There is also a more worrying, granular luck at play. The gender pay gap is getting worse – men earn 41% more than women (compared with 33% five years ago). Payment for Black and mixed-heritage authors is a full 51% lower than for white authors. Young authors earn less, as do older ones. Fewer authors than ever are receiving advances, and groups of authors who are statistically less likely to be able to support themselves through other means earn an even less affordable cut.
People are being paid less than half a living wage for their creative labour. The ALCS points to this as evidence of a global trend of the “devaluing of creative labour”. I agree – we see it everywhere: in the calls to work for nothing, in the initiatives to offer unfettered free access to creative work, in mass subscription models designed to serve corporations at the expense of creators.
The report shows a drop in the proportion of full-time authors from 40% of those surveyed in 2006 to just 19% today. This shows that we cannot keep relying on the assumption that people will find money from elsewhere to sustain their writing: many are leaving the profession.
At the Society of Authors, we have major concerns about what this means for the future of earning a living as an author. We daily offer support to writers, illustrators and translators to negotiate better contract terms or avoid poor deals, to educate them on business practices and self-promotion, and to give them the skills and knowledge to navigate a complex industry. We empower them where possible to remove luck from the equation and replace it with business sense.
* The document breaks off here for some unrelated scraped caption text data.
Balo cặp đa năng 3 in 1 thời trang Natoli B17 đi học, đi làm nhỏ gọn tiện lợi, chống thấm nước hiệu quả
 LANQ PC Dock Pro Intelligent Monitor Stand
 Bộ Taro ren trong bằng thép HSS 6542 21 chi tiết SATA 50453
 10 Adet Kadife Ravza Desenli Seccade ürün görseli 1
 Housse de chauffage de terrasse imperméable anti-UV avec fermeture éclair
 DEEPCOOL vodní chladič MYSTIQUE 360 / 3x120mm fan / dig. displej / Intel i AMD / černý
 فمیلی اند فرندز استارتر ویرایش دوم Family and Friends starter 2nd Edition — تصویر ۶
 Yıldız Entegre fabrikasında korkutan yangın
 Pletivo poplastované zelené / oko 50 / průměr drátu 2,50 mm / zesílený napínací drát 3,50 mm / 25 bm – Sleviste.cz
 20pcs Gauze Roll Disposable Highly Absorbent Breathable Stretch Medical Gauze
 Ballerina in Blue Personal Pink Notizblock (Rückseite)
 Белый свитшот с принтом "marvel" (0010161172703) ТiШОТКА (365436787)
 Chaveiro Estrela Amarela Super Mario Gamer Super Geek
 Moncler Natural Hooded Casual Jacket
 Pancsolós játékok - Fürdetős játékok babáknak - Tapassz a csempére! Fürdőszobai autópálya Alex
But we can’t remove all the slots. Based on the ALCS’s findings, an author’s business sense alone won’t make it affordable for them to sustain their career. The report is likely to dissuade some potential authors from ever considering a creative career. Others already established are probably looking at other options and, based on the report’s findings, of the voices we lose, my worry is that they are more likely to be the ones that we most need to hear.
Writing as a profession is becoming inaccessible and unsustainable for too many. We need to start seeing contracts with fair payment, higher advances, better payment terms, better control of rights and clearer accounting, as we’ve called for in the Society of Authors’ Creator campaign.
Readers value a wide range of books and authors. Most of us don’t want our choice restricted to a small selection of books by a narrow range of authors, so we need to make this a viable profession for everyone.
With the top 10% of authors currently earning about 47% of all author earnings, it is time to spread the money more equitably to ensure that creators – the people whose work makes the industry possible – aren’t left relying on chance.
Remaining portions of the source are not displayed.